Average annual growth rate of mortgage debt. Source: Green and Wachter (2007).



Rising real estate prices and declining interest were also very much a global development, as indicated by these global averages from the paper:



Global average interest rate and house price index. Source: Green and Wachter (2007).



Green and Wacther then asked whether the mortgage finance revolution would now be followed by a reign of terror, delving into the origins of current problems with subprime mortgages. The authors write:

The behavior of investors with respect to subprime mortgages is puzzling, to say the least. Mortgage originators had powerful incentives to originate loans, regardless of quality: every mortgage that was successfully originated and sold to an investor produced a fee for the originator. While companies that originated the loan, such as New Century, could give representations and warrantees to investors that loans met some minimum standard, they were not well enough capitalized to make good on any promises in the event of large-scale default. It is difficult to understand why this was not clear to investors ex ante.

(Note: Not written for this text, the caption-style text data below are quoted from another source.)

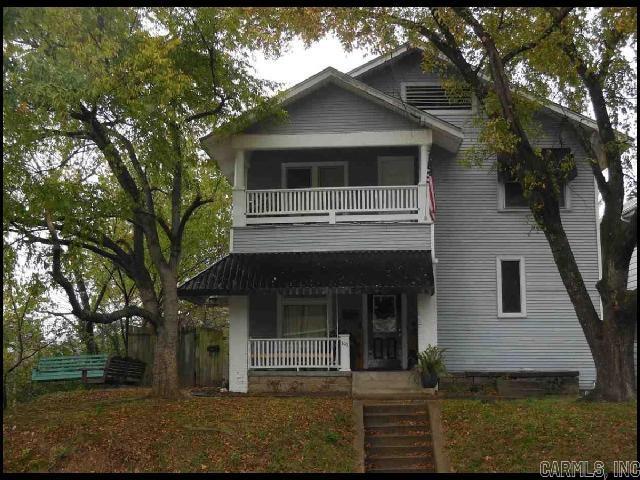 *LITTLE ROCK* VERY NICE DUPLEX IN CAPITOL VIEW NEIGHBORHOOD ON CORNER LOT!! This 3 Bedroom And 2 Bath Rear Unit Features 1350 Sqft! Gas Range, Refrigerator (As-Is), And Dishwasher Provided In The Kitchen! Washer And Dryer Included (As-Is)! Bedrooms Located Upstairs! Central Heat And Air! Fenced Backyard! Alley Or Street Parking! Water Will Be Back-Charged To Tenant Based On Monthly Usage! PET FRIENDLY!! AVAILABLE NOW!!!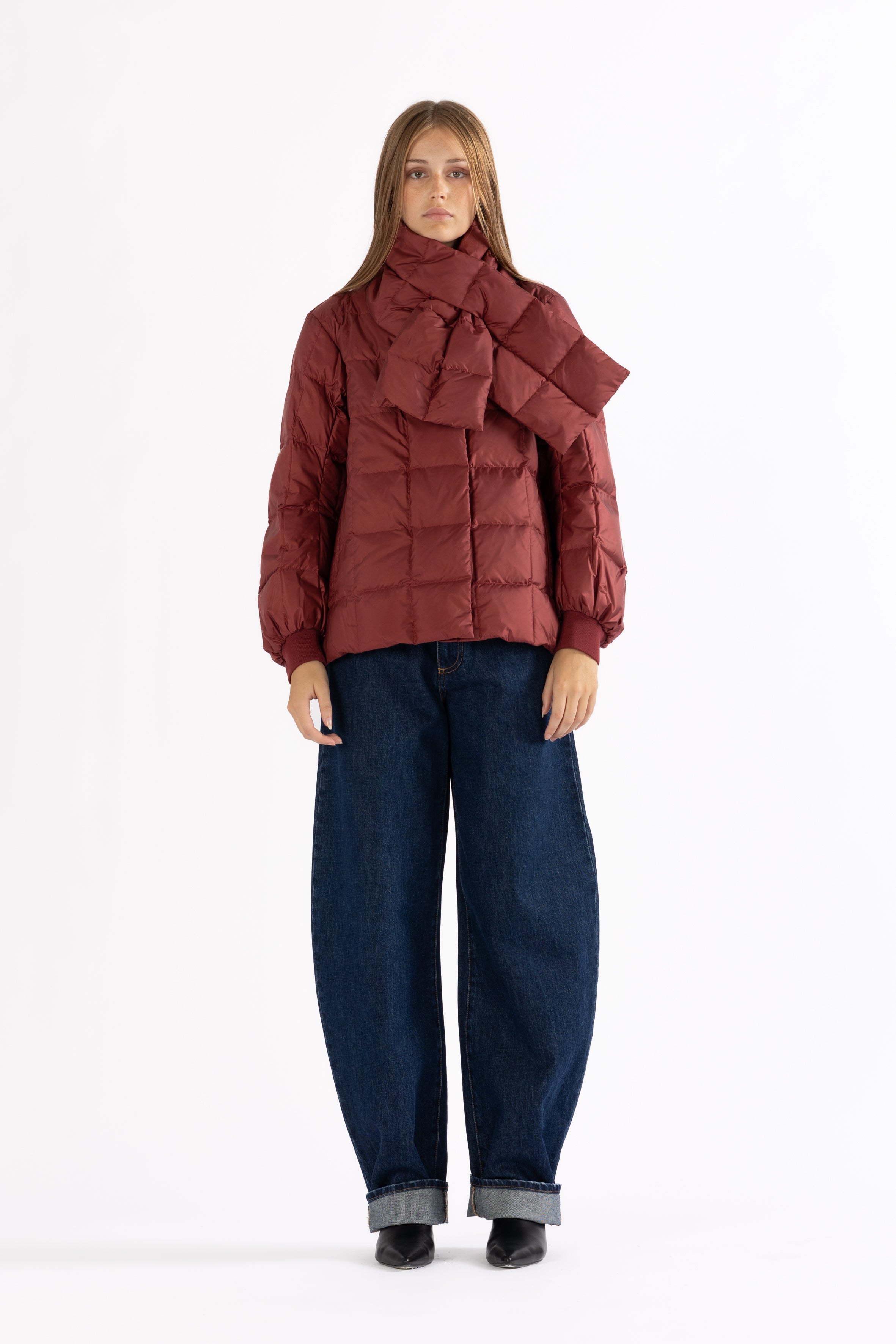 LEMPELIUS quilted lightweight jacket in rosewood with detachable down scarf in red and red cotton cuffs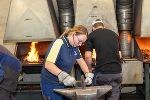 Schülerin beim Arbeiten am Amboss Schülerin beim Arbeiten am Amboss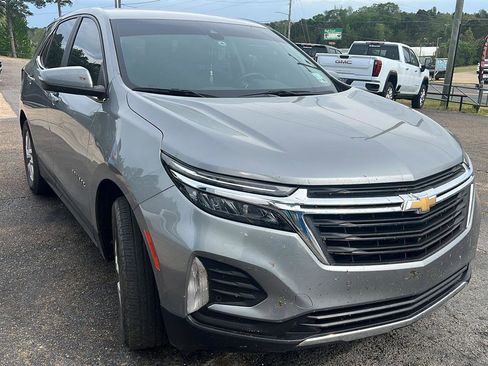 Used 2023 Chevrolet Equinox LT image 11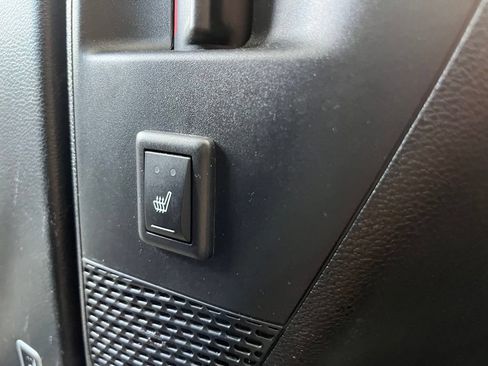 Used 2017 Chrysler Pacifica Limited w/ UConnect Theater Package FWD image 35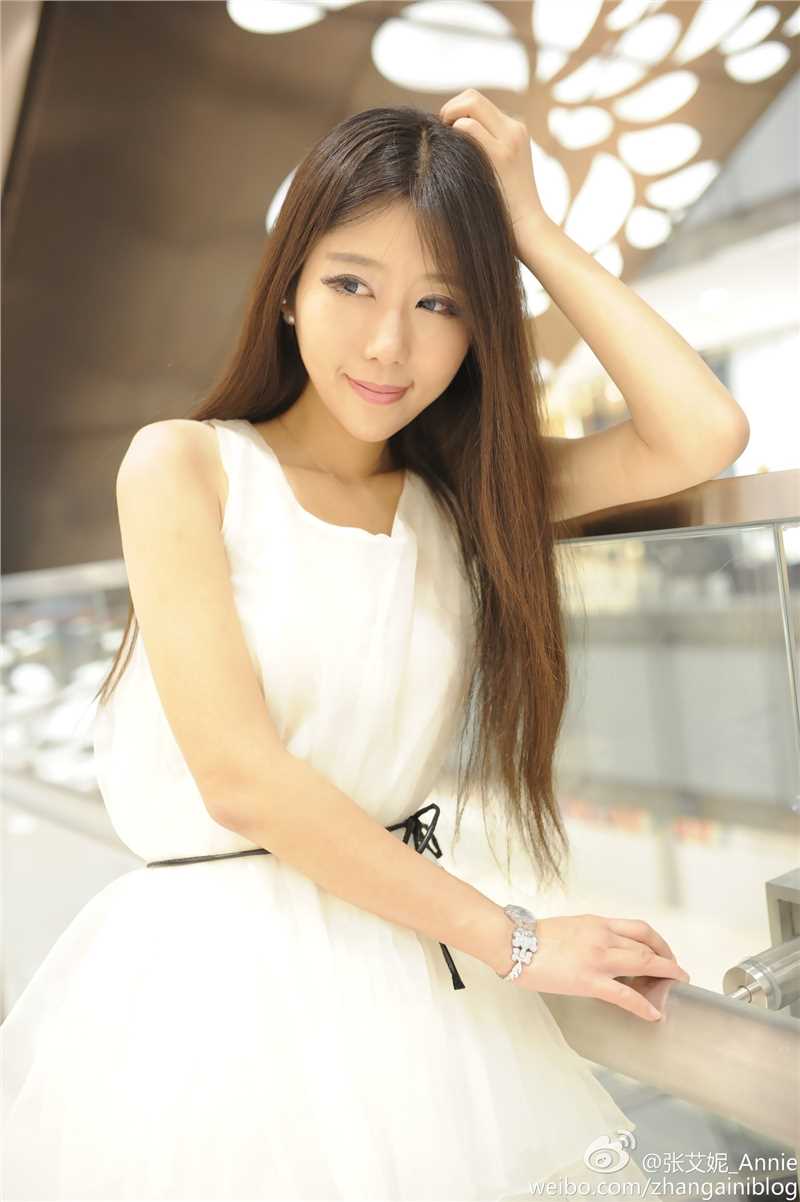 优质清纯可爱美女张艾妮Annie私房超短裙写照相册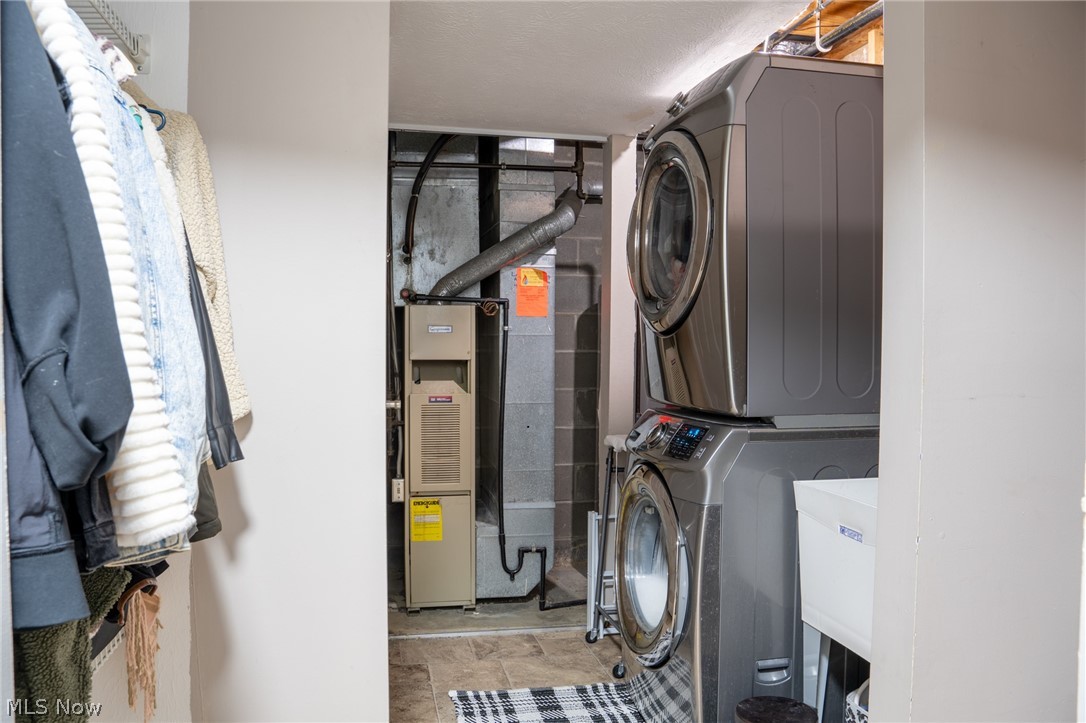 Lakeview Estate - Residential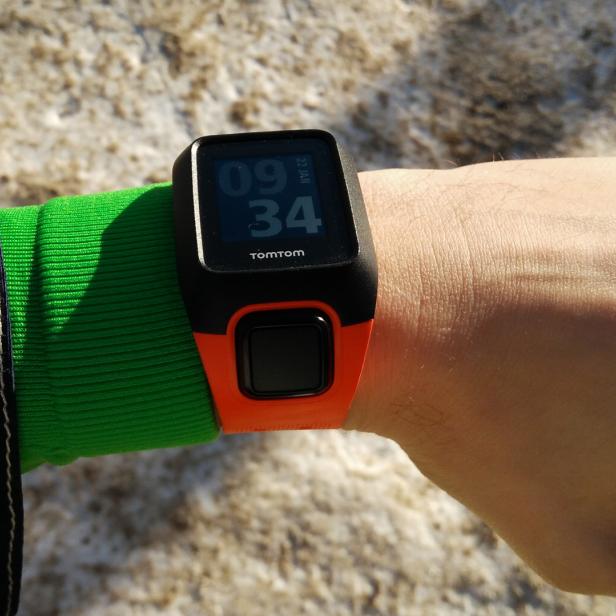 Die TomTom Adventurer Fitness-Armbanduhr ist auf Outdoor-Aktivitäten spezialisiert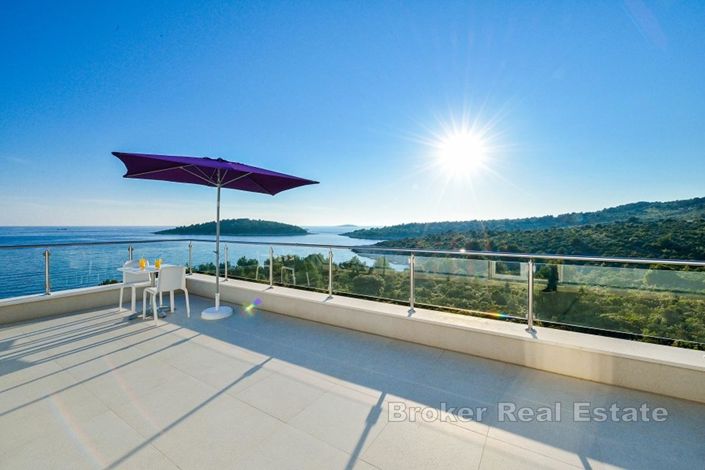 Image No.19-24 Bed Villa for sale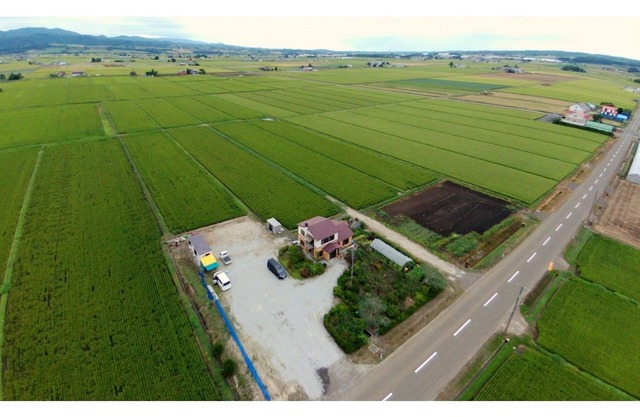 Surrounded by rice fields a whole house for priva/Sorachi-gun Hokkaidō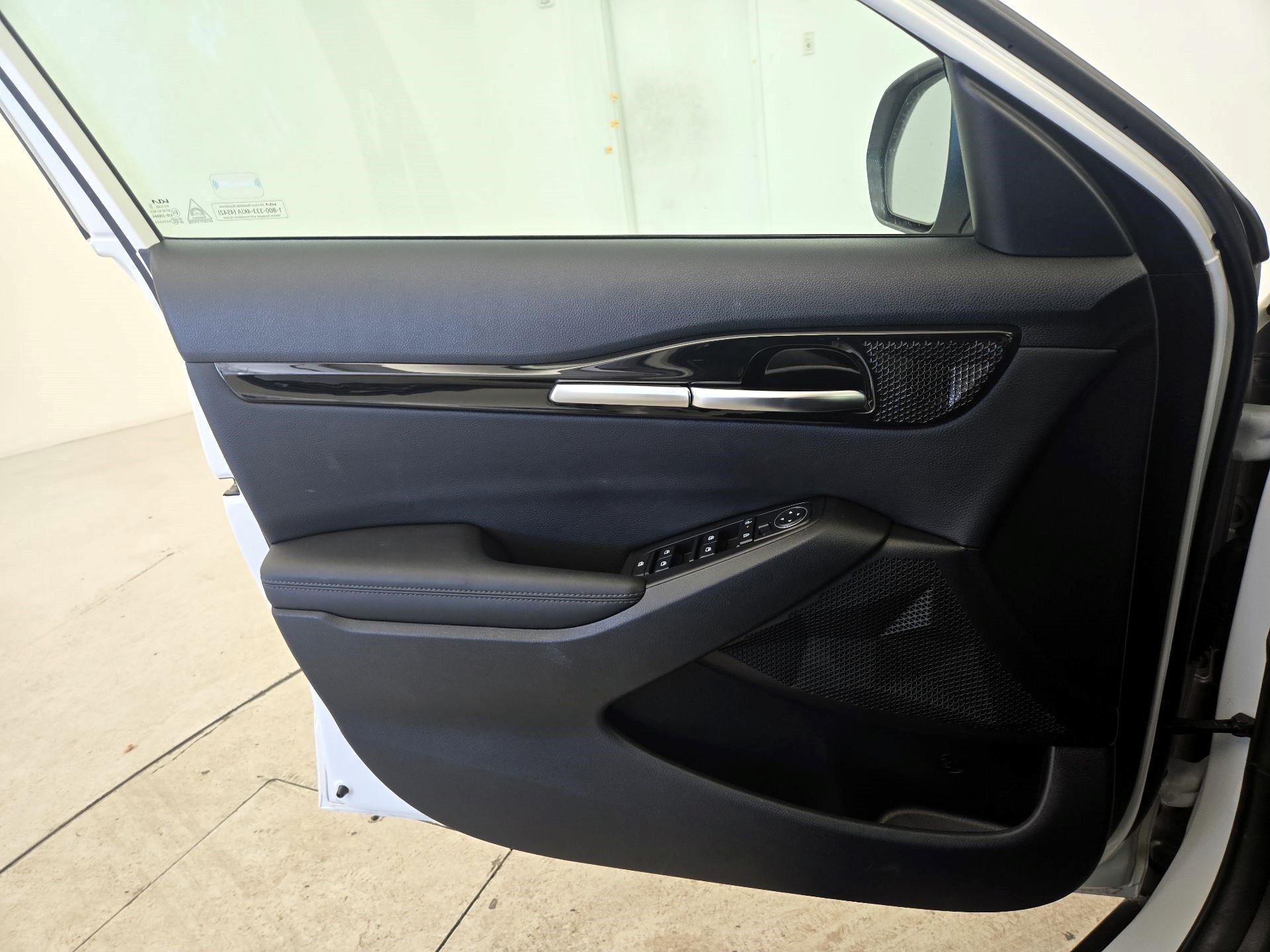 Thumbnail: 2024 Kia Seltos - 10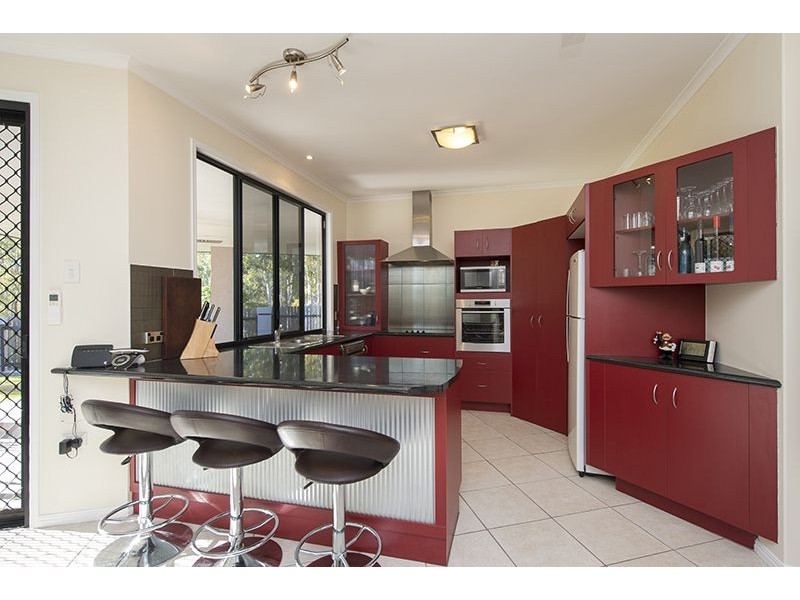17 Katrina Boulevard, New Auckland QLD 4680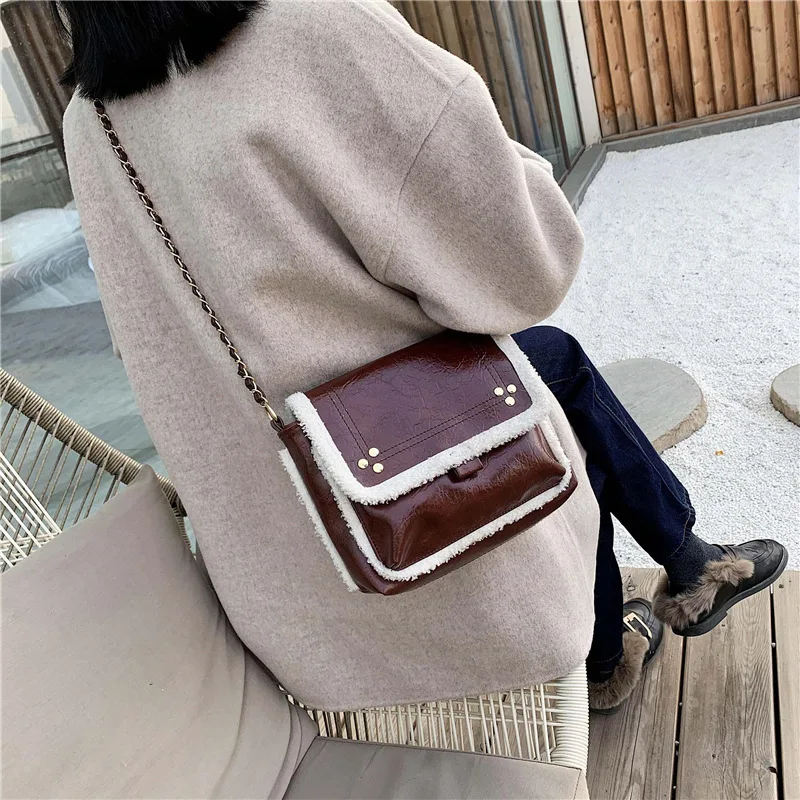 Женская плюшевая шерстяная сумка маленькая квадратная через плечо с цепочкой |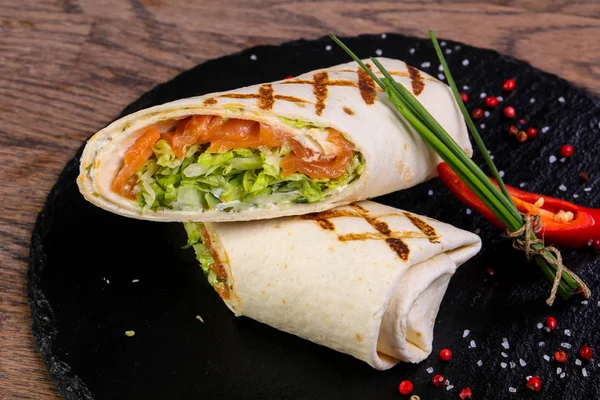 Somon soğan ve kırmızı biber servis tortilla rulo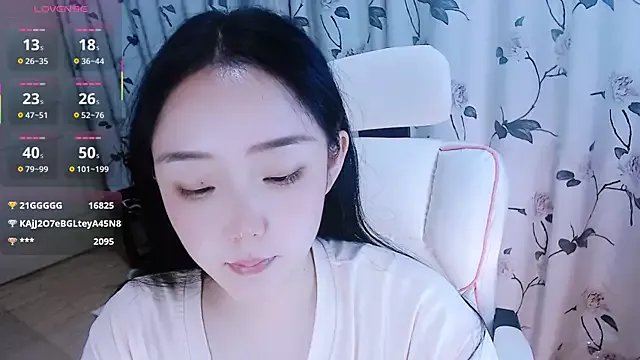 Niannian- on StripChat 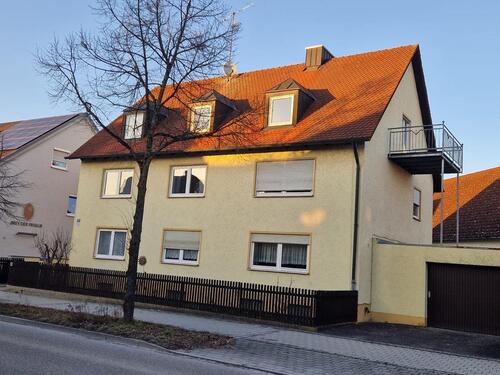 Foto - Dachgeschosswohnung - 935,00&nbsp;EUR Kaltmiete, ca.&nbsp; 85,00&nbsp;m&sup2;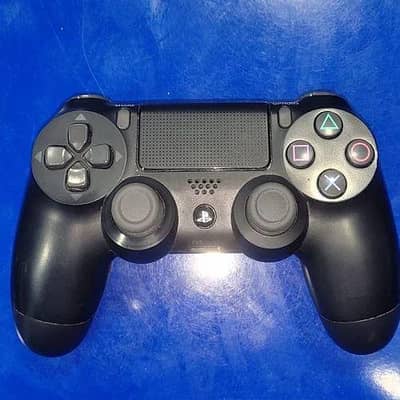 PS4 Original Controller + 2 Game DVDs – Excellent Condition (9.9/10)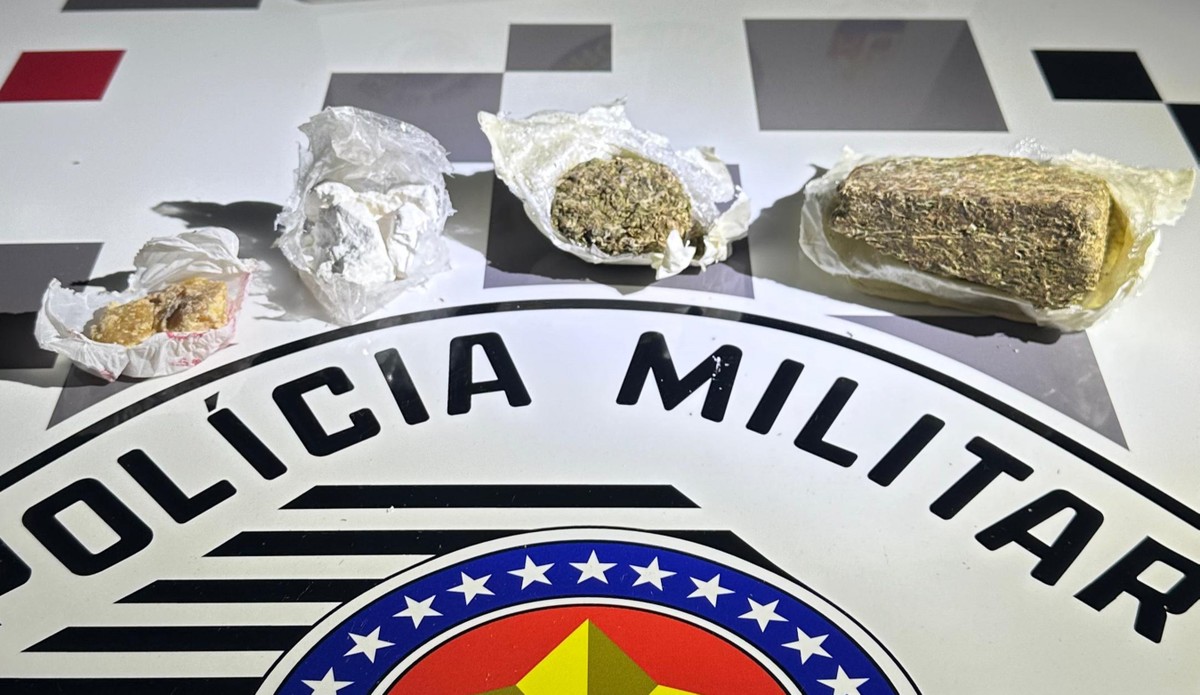 Dupla é presa em flagrante em estrada vicinal com porções de cocaína, crack e maconha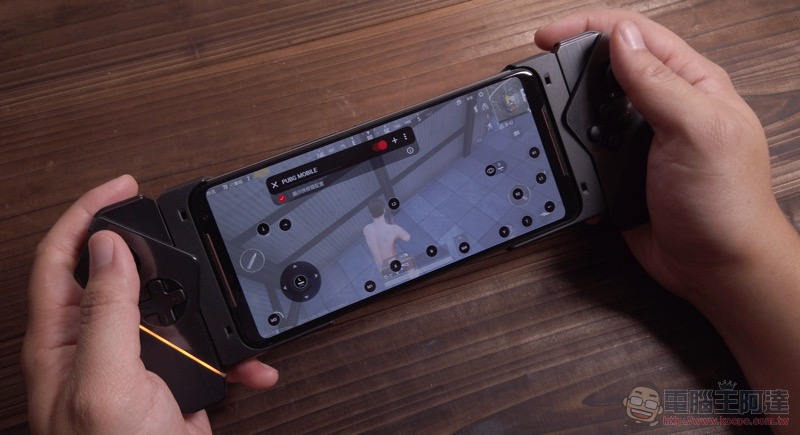 ROG Phone II 遊戲體驗報告 ：找到你的電競 Style（同場加映：1TB 版紳士黑旗艦新色動眼看） - 電腦王阿達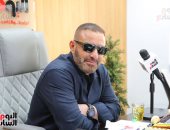 مفيش عداوة بيننا.. السقا يكشف علاقته بأم أولاده بعد الانفصال.. فيديو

The second puzzle is that investors and rating agencies appeared to believe that diversification per se could cause systemic risk to disappear. It is of course the case that as a security becomes more diversified, unsystematic risk will get smaller, but mortgages with ten percent default probabilities will continue to carry such probabilities, regardless of the securities in which they are packaged….

The third puzzle is investors’ seeming lack of understanding about housing market risk.

I agree very much with Green and Wachter that these are the key questions to be asking, and will offer some further thoughts about them tomorrow.

The authors of the second and third papers of this morning’s session, Yale Professor Robert Shiller and UCLA’s Ed Leamer both struck fiercely iconoclastic tones. Shiller’s basic answer to the Green-Wachter puzzles is as follows:

…a significant factor in this boom was a widespread perception that houses are a great investment, and the boom psychology that helped spread such thinking. In arguing this, I will make some reliance on the emerging field of behavioral economics. This field has appeared in the last two decades as a reaction against the strong prejudice in the academic profession against those who interpret price behavior as having a psychological component….

These principles of psychology include psychological framing, representativeness heuristic, social learning, collective consciousness, attention anomalies, gambling anomalies such as myopic loss aversion, emotional contagion, and sensation seeking.

One thing I have never understood is the source of Shiller’s confidence that he is able to rise above these cognitive pitfalls in a way that market participants can not. Nor does his quantitative evidence help me to understand his position any more clearly. He notes for example a 1988 survey which found that the median new homebuyer in Los Angeles expected 11% price appreciation over the next 12 months, whereas the median buyer in Milwaukee expected only 5%. Since the OFHEO house price index shows a 13.9% appreciation for Los Angeles and a 6.2% appreciation for Milwaukee during 1989, it’s hard for me to see how these survey results are supposed to convince us of people’s lack of rationality. I also am unsure how Shiller’s concept of real estate price bubbles in “superstar” cities is to be reconciled with the fact that the problems with mortgage defaults initially proved to be most serious in rustbelt areas where there had been very little real estate price inflation.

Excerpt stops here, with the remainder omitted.